Guess n’a jamais eu peur des choix radicaux. Après plus de quarante ans de cotation, la marque de denim au logo triangulaire tourne le dos à Wall Street pour redevenir privée. Une décision qui surprend moins par son principe que par ce qu’elle révèle du marché. Dans un secteur où la fast fashion écrase les marges et où les investisseurs sanctionnent la moindre contre-performance trimestrielle, Guess fait le pari de se réinventer hors des radars boursiers. La transaction, qui place la propriété intellectuelle au centre de l’équation, envoie un message clair : dans la mode, l’image vaut désormais plus que le retail.

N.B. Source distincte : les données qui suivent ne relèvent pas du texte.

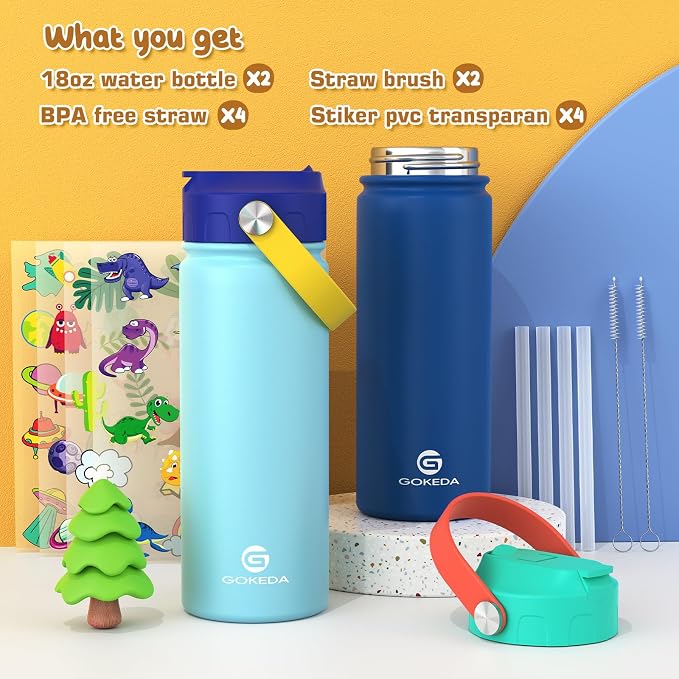 GoKEDA 18oz Kids Water Bottle, 2 Pack Insulated Bottles - Image 2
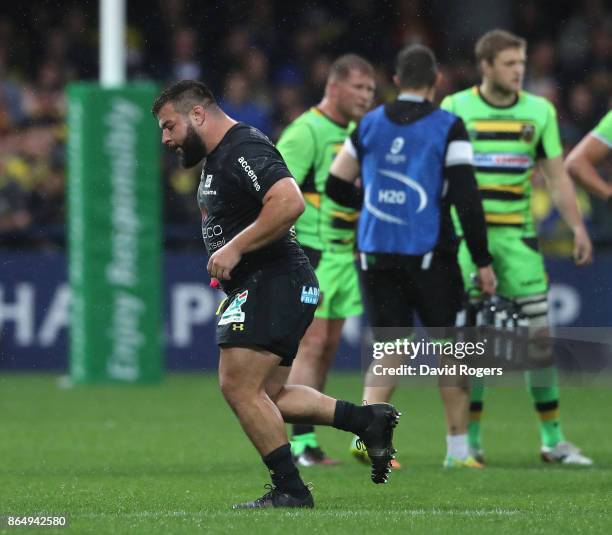 Rabah Slimani of Clermont Auvergne walks off the pitch after receiving a yellow card for a tackle on Dylan Hartley during the European Rugby...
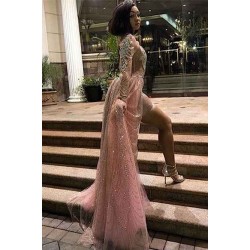 Women's High Collar Chic Long Sleeves Sequins Maxi Evening Party Dress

Dans le détail, l’opération valorise Guess à environ 1,4 milliard de dollars « dette comprise », pour un prix de 16,75 dollars par action. Cela représente une prime de 26 % par rapport au dernier cours coté avant l’annonce, et de près de 73 % par rapport au cours « non affecté » du 14 mars 2025. L’accord est structuré en deux volets : d’un côté, Guess quitte Wall Street, s’affranchit des exigences de transparence imposées aux sociétés cotées et gagne en liberté d’action ; de l’autre, Authentic Brands Group, géant américain spécialisé dans la gestion de marques, acquiert 51 % d’une entité détenant la quasi-totalité de la propriété intellectuelle (logo, image, licences). Les cofondateurs Maurice et Paul Marciano, aux côtés du PDG Carlos Alberini, conservent 49 % de cette IP ainsi que la direction des opérations (retail, production, e-commerce), désormais libérées du carcan des publications trimestrielles. La finalisation de la transaction est attendue au quatrième trimestre de l’exercice fiscal 2026, sous réserve d’approbations réglementaires.

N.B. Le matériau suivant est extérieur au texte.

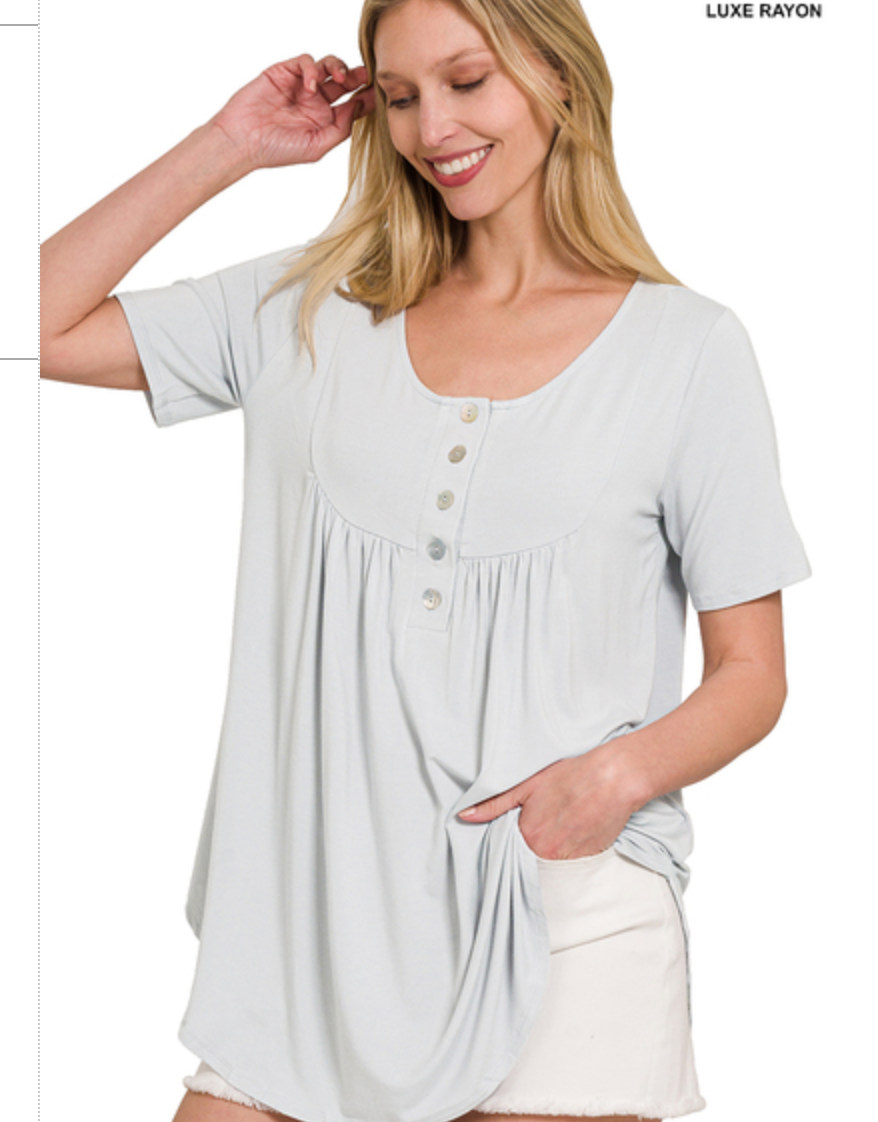 S/SLV DOLPHIN HEM TOP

« Grâce à cette transaction, nous avons hâte de nous appuyer sur les progrès significatifs réalisés pour renforcer notre organisation, améliorer la notoriété de la marque et accroître l’engagement de nos clients », a déclaré Carlos Alberini, PDG de Guess, dans un communiqué officiel.

Miser sur l’image : une bonne idée ?

Quitter Wall Street, pour Guess, c’est avant tout se libérer d’un cadre devenu trop étroit. Les exigences de rentabilité à court terme, les publications trimestrielles, les arbitrages imposés par les marchés : autant de contraintes peu compatibles avec les cycles longs de la mode et l’incertitude propre à une industrie rythmée par les tendances.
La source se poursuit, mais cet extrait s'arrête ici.